Pictures must not appear in the copy. Restate exactly the lines below from the one with "Habitación Estándar - 1" through the one with "living room featuring", inclusive.

(AVAILABLE DATA begins)

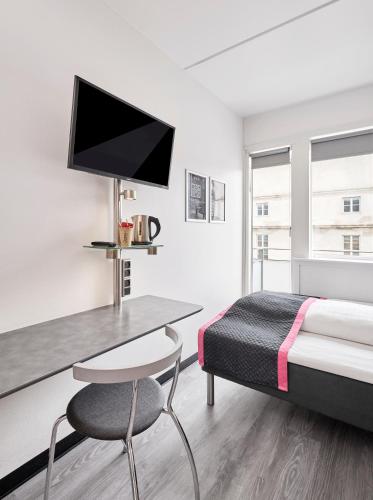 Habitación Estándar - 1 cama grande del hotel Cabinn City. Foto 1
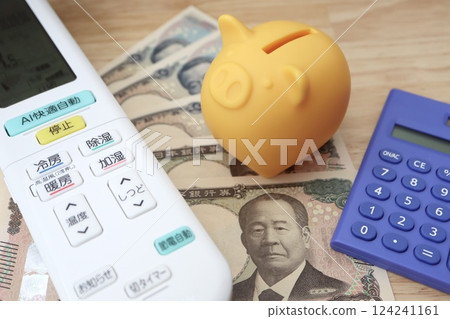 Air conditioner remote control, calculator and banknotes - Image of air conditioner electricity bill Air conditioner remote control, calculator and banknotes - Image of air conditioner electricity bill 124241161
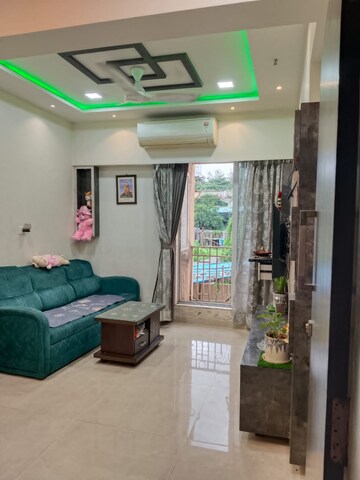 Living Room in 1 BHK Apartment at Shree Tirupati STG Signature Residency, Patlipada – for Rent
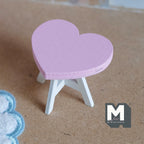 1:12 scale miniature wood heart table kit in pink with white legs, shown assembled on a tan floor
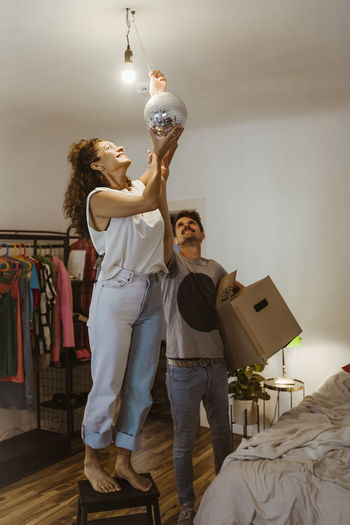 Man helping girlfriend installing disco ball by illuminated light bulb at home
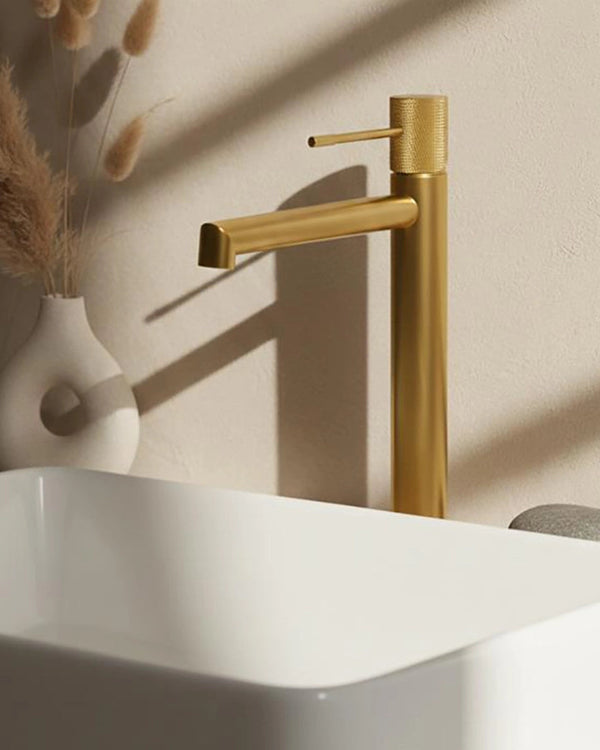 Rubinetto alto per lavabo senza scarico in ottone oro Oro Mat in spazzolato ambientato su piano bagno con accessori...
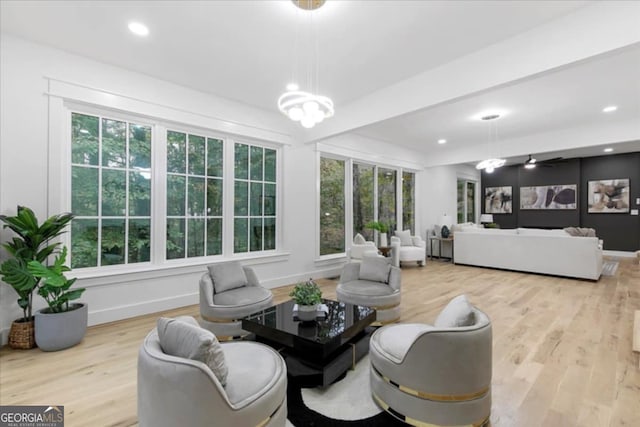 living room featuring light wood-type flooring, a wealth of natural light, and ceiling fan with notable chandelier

(AVAILABLE DATA ends)
(AVAILABLE DATA begins)

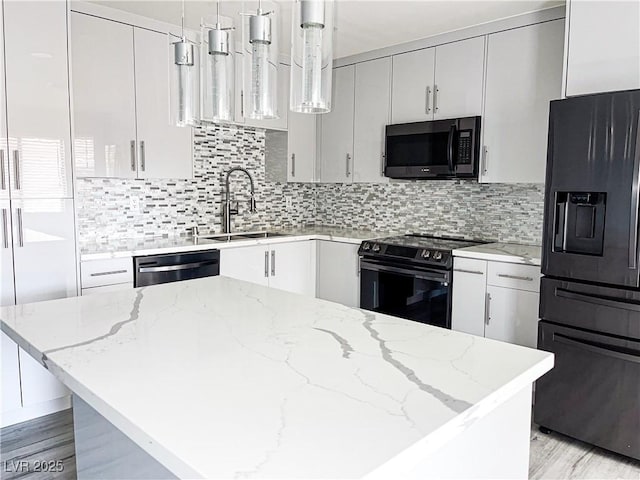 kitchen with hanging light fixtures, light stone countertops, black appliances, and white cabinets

(AVAILABLE DATA ends)

▸ OUTPUT FOR THIS EXERCISE:
 Habitación Estándar - 1 cama grande del hotel Cabinn City. Foto 1
 Air conditioner remote control, calculator and banknotes - Image of air conditioner electricity bill Air conditioner remote control, calculator and banknotes - Image of air conditioner electricity bill 124241161
 Living Room in 1 BHK Apartment at Shree Tirupati STG Signature Residency, Patlipada – for Rent
 1:12 scale miniature wood heart table kit in pink with white legs, shown assembled on a tan floor
 Man helping girlfriend installing disco ball by illuminated light bulb at home
 Rubinetto alto per lavabo senza scarico in ottone oro Oro Mat in spazzolato ambientato su piano bagno con accessori...
 living room featuring light wood-type flooring, a wealth of natural light, and ceiling fan with notable chandelier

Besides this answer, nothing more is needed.